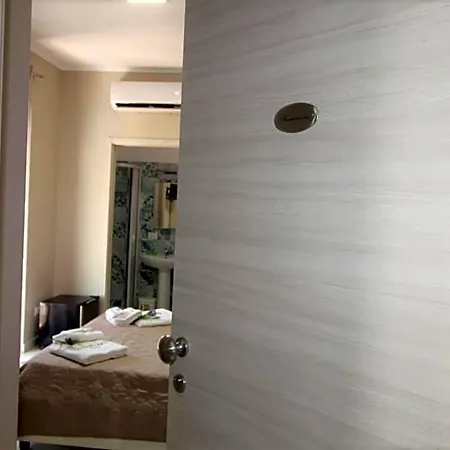 Elegance 3*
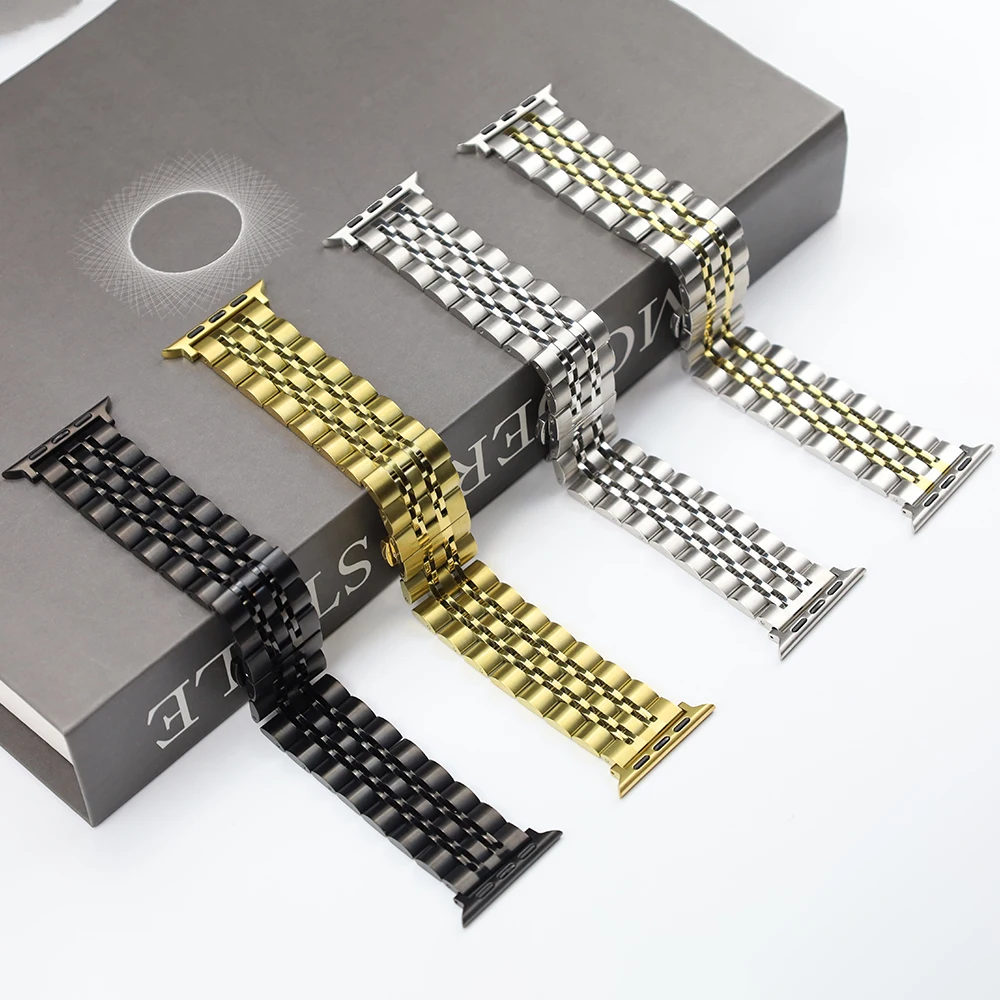  ġ θ ƿ  , Ʈ Ʈ, 49mm, 45mm, 44mm, 42mm, 41mm, 40mm, ̿ġ Ʈ ø 9, 8, 7, 6, SE, 5/4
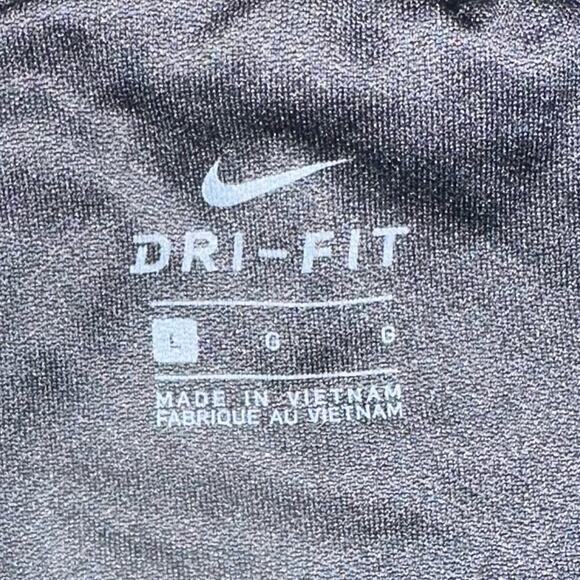 ALL FOUR Nike Dri-FIT Running Shorts - Size Large for $20! - Picture 8 of 12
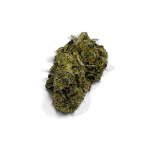 Purple Dawg Strain UK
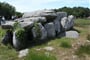 Carnac-04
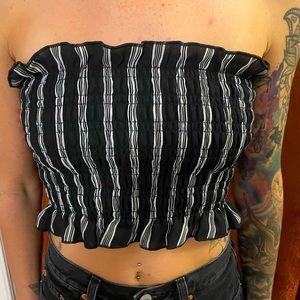 PACSUN TUBE TOP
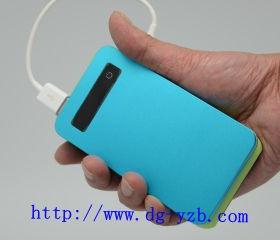 東莞早教機構(gòu)加盟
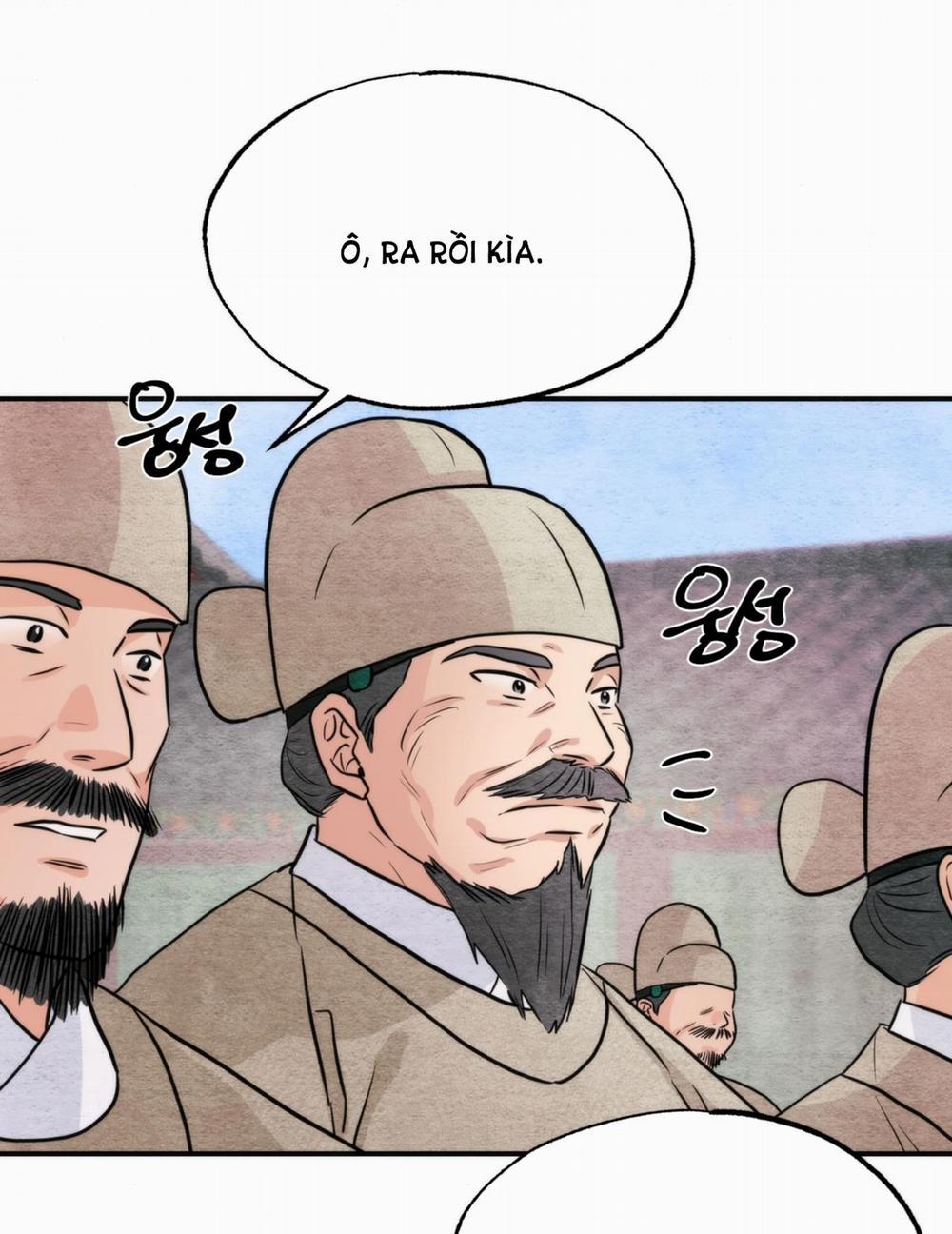 Cuồng Nhãn 76.2 trang 32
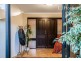 13 Barbrook Way, Warnbro WA 6169
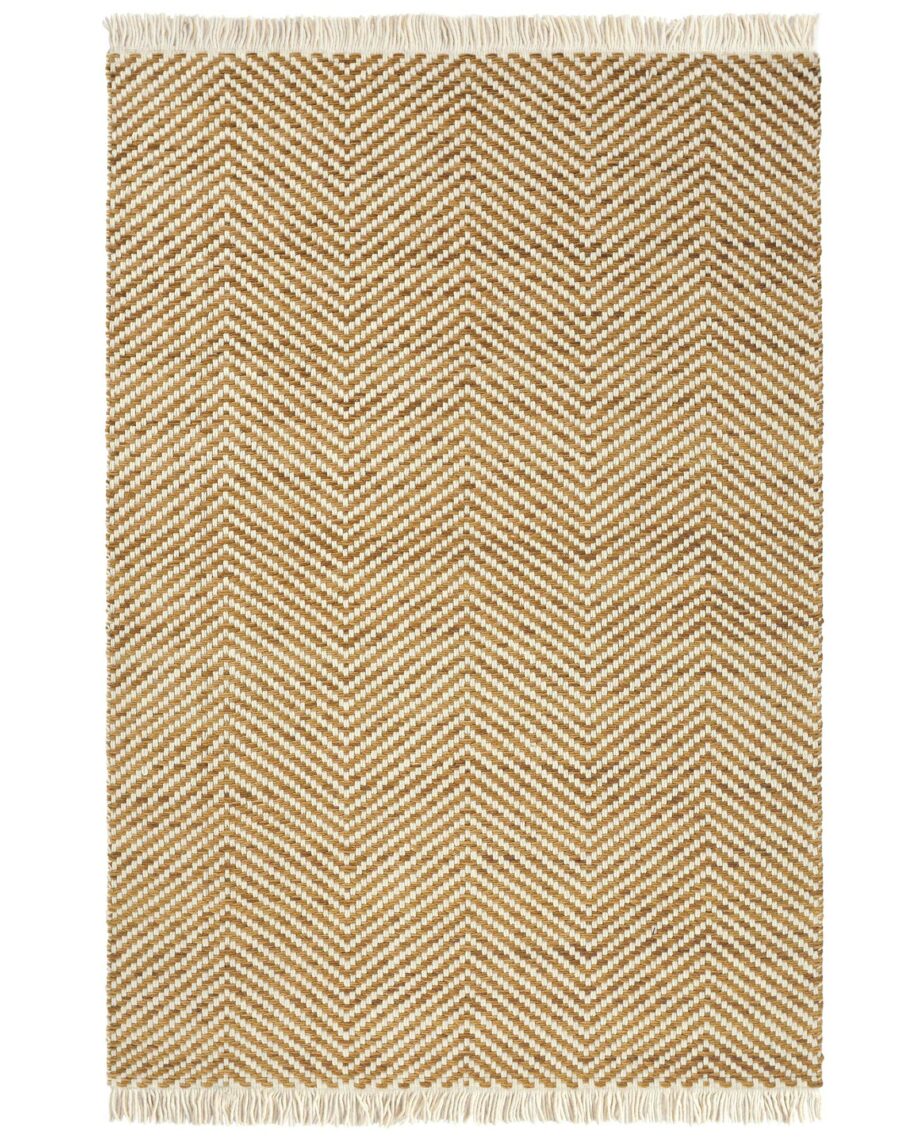 Brink Campman Atelier Twill 49206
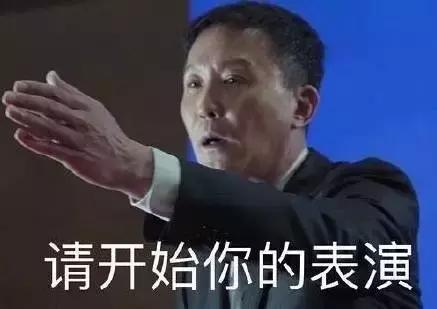 如何看出海淘快递作假,海外直邮快递会不会造假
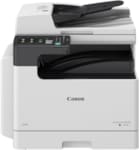 Imprimante Laser imageRUNNER 2425i MFP Mono MFP 3en1 A3Réseau Wifi R/V PPM B&W 25 PPM Col 25 Copieur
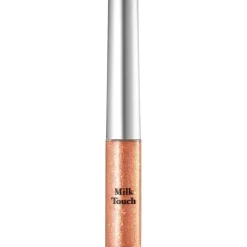 Lidschatten Fairy Jewel Eye Glitter von Milk Touch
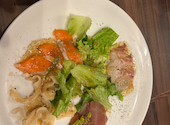 札幌キッチン SAPPORO KITCHEN: ともさんの2026年07月14日の1枚目の投稿写真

▶ **ACTIVITY**
The answer should be an exact restatement of every entry, with the pictures omitted.

▶ **EXPECTED OUTPUT**
 Elegance 3*
  ġ θ ƿ  , Ʈ Ʈ, 49mm, 45mm, 44mm, 42mm, 41mm, 40mm, ̿ġ Ʈ ø 9, 8, 7, 6, SE, 5/4
 ALL FOUR Nike Dri-FIT Running Shorts - Size Large for $20! - Picture 8 of 12
 Purple Dawg Strain UK
 Carnac-04
 PACSUN TUBE TOP
 東莞早教機構(gòu)加盟
 Cuồng Nhãn 76.2 trang 32
 13 Barbrook Way, Warnbro WA 6169
 Brink Campman Atelier Twill 49206
 如何看出海淘快递作假,海外直邮快递会不会造假
 Imprimante Laser imageRUNNER 2425i MFP Mono MFP 3en1 A3Réseau Wifi R/V PPM B&W 25 PPM Col 25 Copieur
 Lidschatten Fairy Jewel Eye Glitter von Milk Touch
 札幌キッチン SAPPORO KITCHEN: ともさんの2026年07月14日の1枚目の投稿写真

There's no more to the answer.